• _Problem to work on_: Because the copy must hold no pictures, return the data below with all of its words intact.

• _Raw data_:

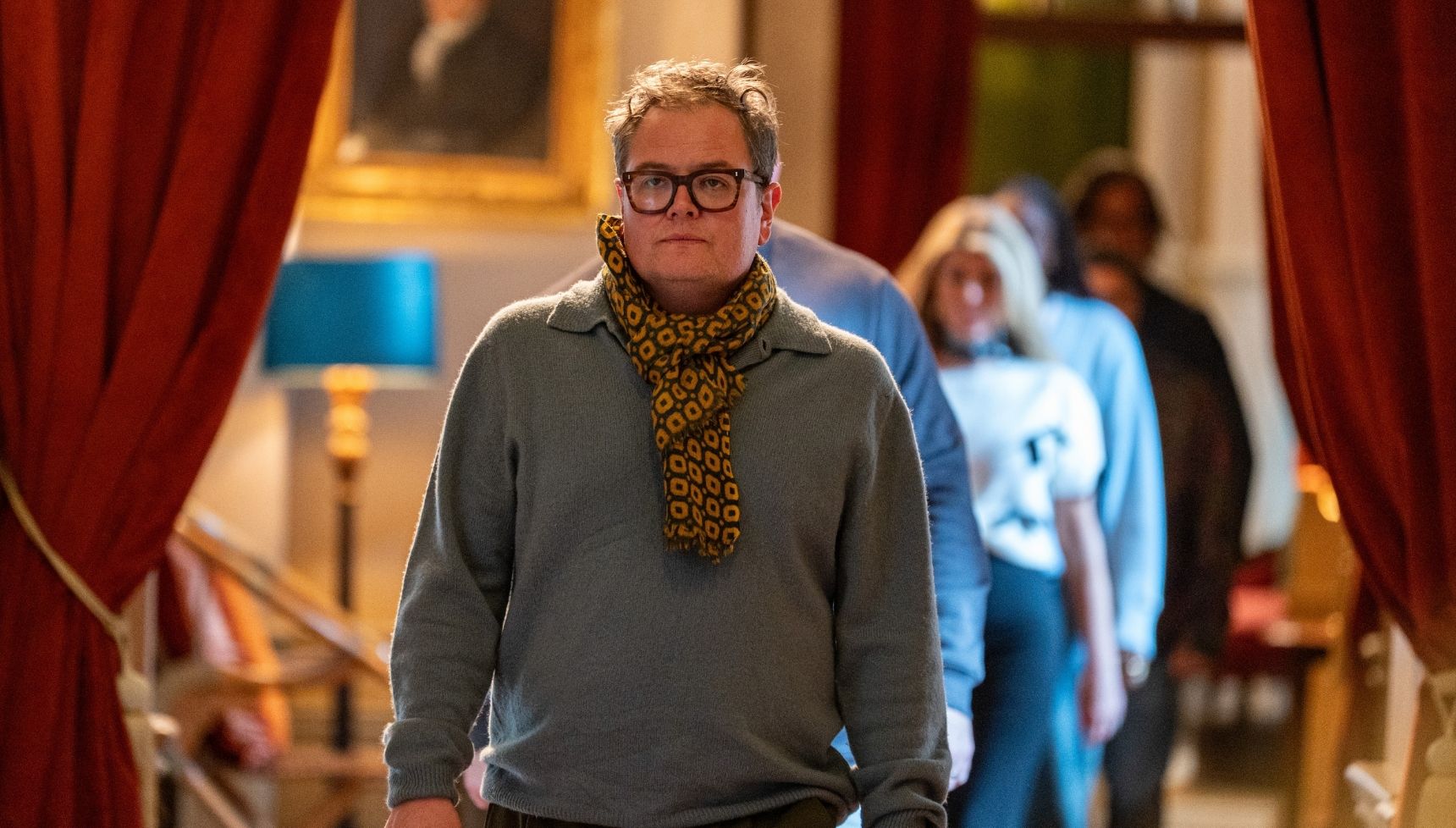 Alan Carr on Celebrity Traitors 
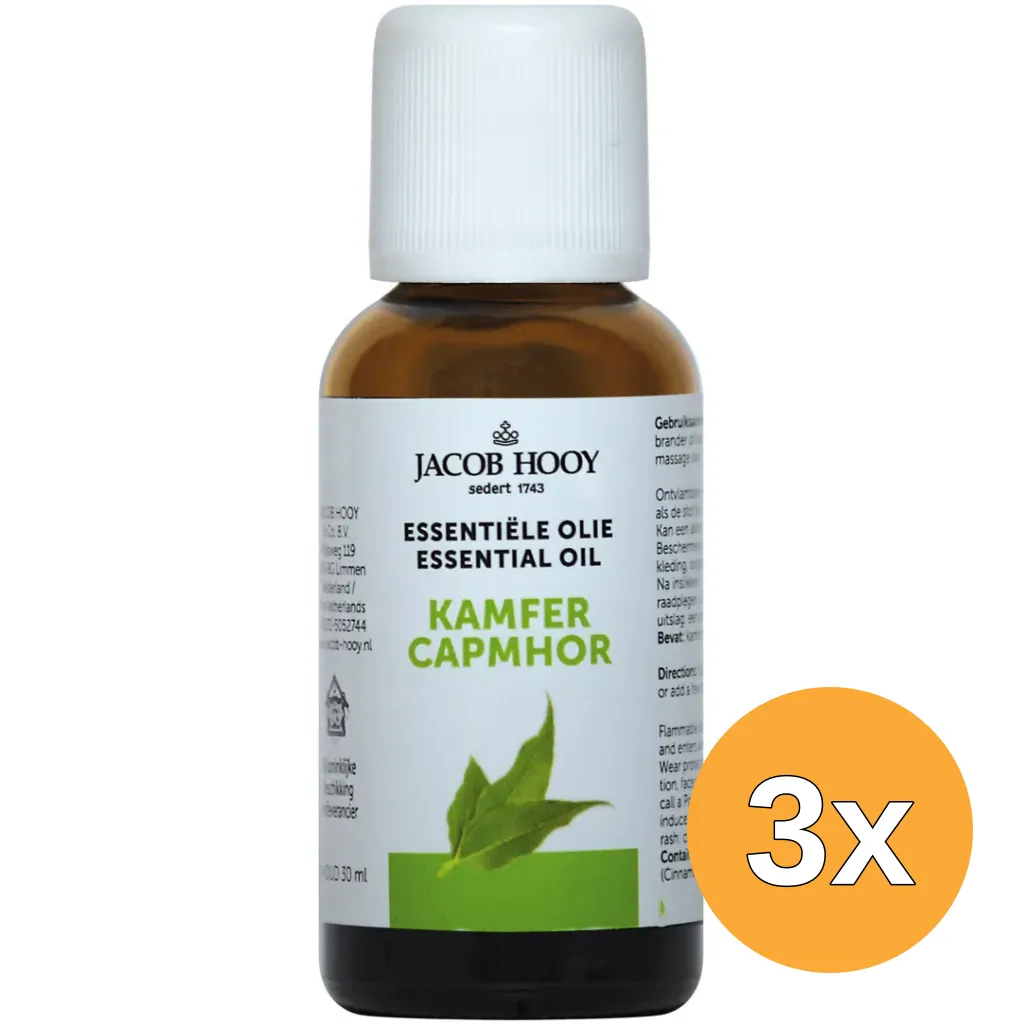 3x Jacob Hooy Kamfer olie (30 ml)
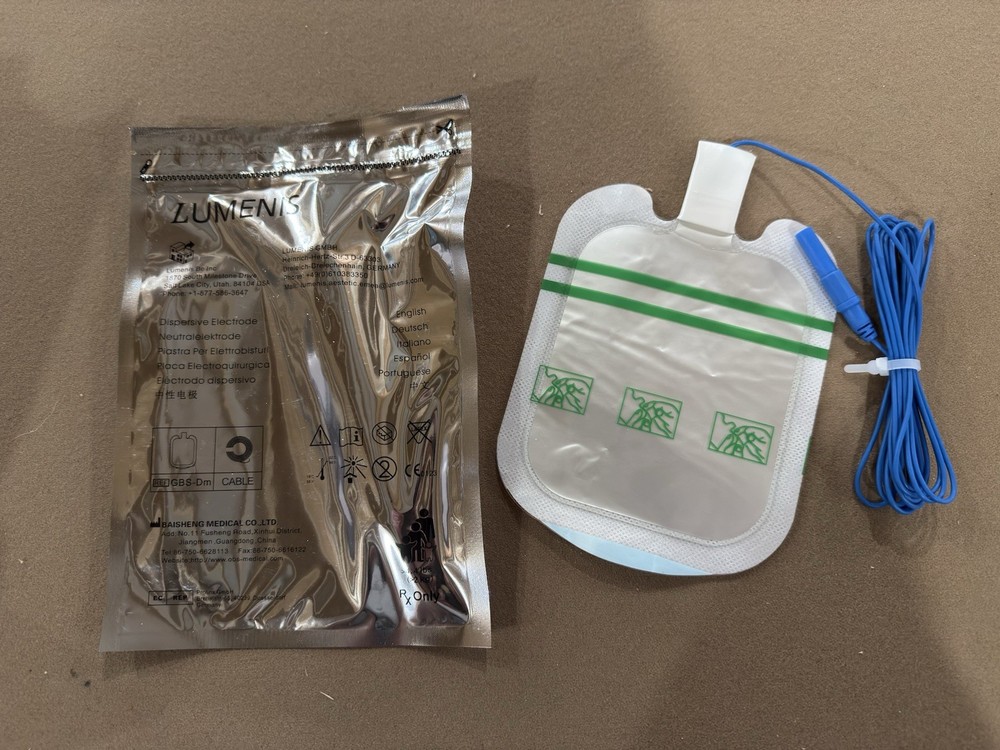 1 New Sealed Lumenis Dispersive Electrode GBS-Dm W/ Cable Expires in 2026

• _Your solution_:
 Alan Carr on Celebrity Traitors 
 3x Jacob Hooy Kamfer olie (30 ml)
 1 New Sealed Lumenis Dispersive Electrode GBS-Dm W/ Cable Expires in 2026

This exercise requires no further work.